Nadina Osmani, August 14, 2017 2 min read

This article was originally posted on the Tech North website.

There are still plenty of young people who think the path to a good career is school, university and then straight into industry.

However, there are now more and more examples of universities not meeting the needs of both jobseekers, and the rapidly evolving digital industries that grads should be preparing for.

And even beyond the young, plenty of other people out there feel stuck in their current profession, worried it may be too late for them to move onto something new.

So is that ‘traditional’ pathway really the only route? Can you really swerve once you’ve picked your path?

The 16 participants in our first Upskill accelerator for digital skills providers say ‘yes.’

They all provide specialist digital training, often based on the founders’ own industry experience of struggling to find the right people, aiming to equip trainees with the skills they need to walk right into jobs.

Why go into ‘alternative’ training?

Fast route to a specific job

It’s often suggested that what you learn at university will be out of date before you finish. And, to be fair, our higher education institutions are already responding to students’ demands to get something truly tangible from their courses.

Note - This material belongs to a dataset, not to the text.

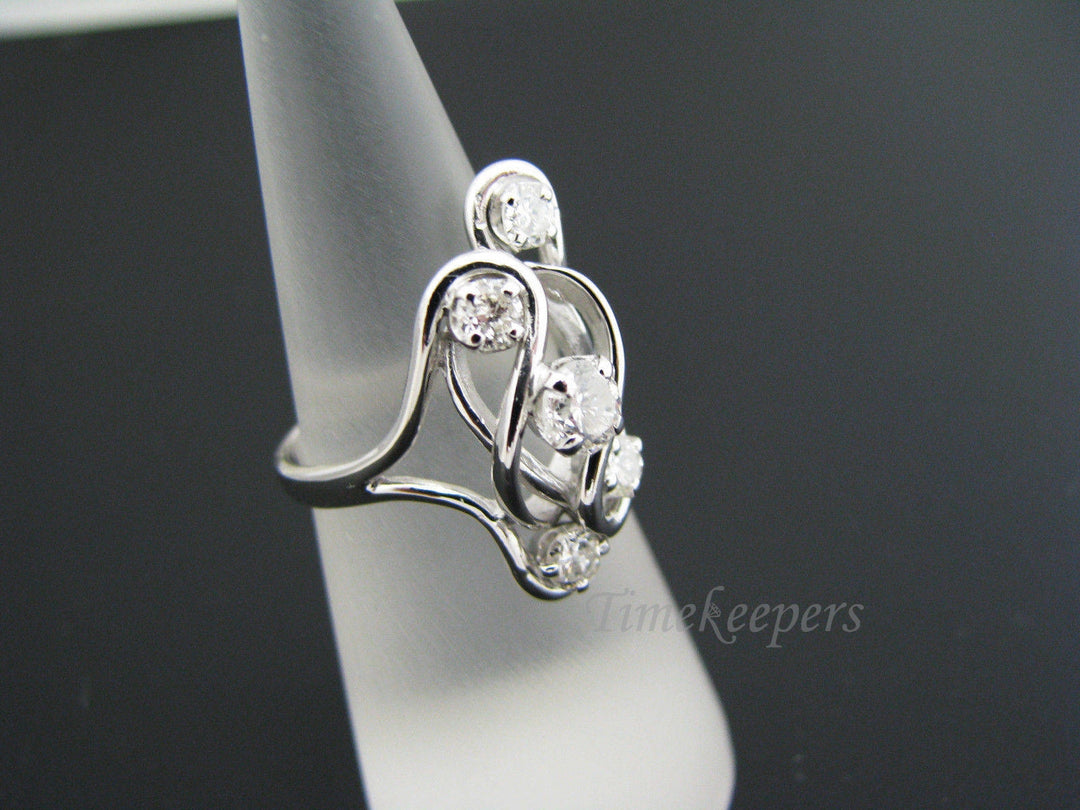 a344 Unique Stunning 5 Diamond Swirled Ring in 14k White Gold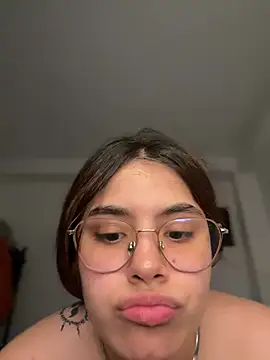 Snapshot of Yuli_zuha chatting on 6, 12, 2024 Yuli zuha online show from 6, 12, 2024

But that issue is one reason why coding bootcamps have recently become such a credible alternative. Many of our Upskill cohort offer short, scheduled programmes promising the latest content relevant to your field, many with a job directly lined up for you afterwards.

Manchester’s Juice Academy, for example, hosts taster days where potential candidates meet with recruitment partners, like Social Chain and Lad Bible.

Real-world content

Several of our training providers came out of existing digital companies whose founders had noticed they weren’t the only ones struggling to hire people, so they set about solving the problem for their industry.

Liverpool’s Agent Academy, for example, came from inside the Baltic Triangle-based digital agency Agent Marketing, and its cohorts take on live briefs to get them ready for the real world. Agent says that 95 percent of its graduates have gone on to secure full-time industry employment, outstripping the results seen across all of our universities.

Business intelligence firm Peak, also a Tech North Northern Stars winner, is about to launch a highly technical training programme created because of the company’s own challenges around finding data scientists fit for our new, data economy.

Get into an industry that needs you

As many will know, the tech workforce isn’t representative of the diversity of the UK and Upskill participants like FDisruptors and HAC 100 seek to address those inequalities to create a more balanced workforce.

Whether that’s by encouraging more girls into tech, creating more grassroots opportunities for young people to have a go, or, like Northcoders, offering scholarships to women joining their courses.

So what’s next?

We gave these 16 alternative training providers some alternative training of our own to help them diversify, scale and pitch the opportunities they have, for employers and new hires.

Soon, we’ll be launching a first-of-its-kind index of digital skills provision, using the Upskill cohort as a prototype, to help make alternative skills more transparent and, therefore, more accessible.

It’ll show what the course is, at what skill level, so employers and learners know what they’re buying.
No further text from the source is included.